If we look at the level of Egypt’s cooperation and Saudi goals in the region, it becomes clear that while Egypt desperately needed Saudi financial support, it has been less responsive to their expectations. During the four years of el-Sisi’s rule (since 2013), in the foreign-imposed war on Syria, while Egypt has adopted policies that were in line with Saudi requirements, el-Sisi supported Syria’s territorial integrity. Also, he refrained from making any statements about Bashar al-Asad’s future. And during all this time, intelligence cooperation between Egypt and Syria continued as usual.
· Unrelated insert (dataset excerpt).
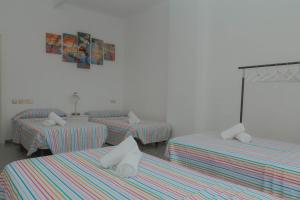 Posteľ alebo postele v izbe v ubytovaní Ático con terraza y vistas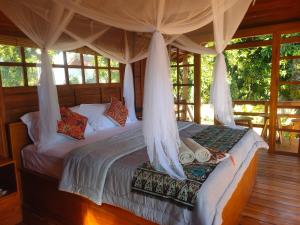 a bedroom with a canopy bed with pillows at VANAYA wooden Lodges in Lush Garden in Pemuteran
During Mursi’s one-year tenure in office, while ideologically the Muslim Brotherhood wanted to support Syria’s opposition seeing them as natural allies, the real decision makers regarding Syria were the Egyptian military and intelligence agency. Thus, Mursi’s government could not take any practical steps vis-à-vis supporting the manufactured opposition in Syria. Instead, he proposed creating a quartet group for bringing peace to Syria. Mursi proposed that Iran, Egypt, Turkey, and Saudi Arabia should be part of this group. This did not sit well with the Saudis but they went along with it initially.
The Saudis showed their reluctance and indeed displeasure with Mursi’s proposal by participating only superficially in the group’s preliminary meetings. No high-ranking Saudi official ever participated in the group’s deliberations. The Saudis even refused to participate in meetings held at the level of foreign ministers or presidents thus clearly indicating their lack of enthusiasm or support for the group.
Regarding Yemen, the Saudis sought Egyptian ground troops to fight against Ansarullah but el-Sisi only sent naval forces. These were present in the Bab al-Mandab area to intercept any material help that may be sent to the Houthis.
As far as the third issue — relations and cooperation between Egypt and Iran — it is clear that el-Sisi is toeing the Saudi line. Of course this is not just to please the Saudis; this is also the policy of the US and the Zionist regime in Occupied Palestine.
America’s pressure on Egypt to not cooperate with Iran stretches back several decades to the time of the victory of the Islamic Revolution in Iran. The Islamic Revolution knocked down an important pillar of the imperial imposed order in the region, posing a serious challenge to US hegemony. It also made a number of other Western-backed and propped regimes vulnerable to revolutionary upheaval. The Saudi pressure has intensified in the last five years because of the war on Syria.
As a basket case, Egypt has for decades been the recipient of financial aid from different countries. After the Camp David Accords of 1978, Washington has provided $1.3 billion in annual aid as part of the deal. During its last year in office, the Mubarak regime received $2.3 billion in US aid. This was the largest aid package in Egyptian history but now it has decreased to the original amount of $1.3 billion as agreed in the Camp David Accords.
After Mursi’s overthrow in July 2013, the Saudis prodded Kuwait and the United Arab Emirates (UAE) to pledge $12 billion for the Sisi regime to help shore up Egypt’s crumbling economy. The major part of this aid package was to be in the form of grants (that is, free) or as deposits in Egypt’s central bank to boost its foreign exchange reserves.
Undoubtedly, the weakening of Egypt is the weakening of its people and this is also not in favor of the region or of Iran. Egyptians should place more value on their self-respect and dignity than serve as puppets of the Saudis or the imperialist-Zionist cabal. There is more to life than mere bakhshish.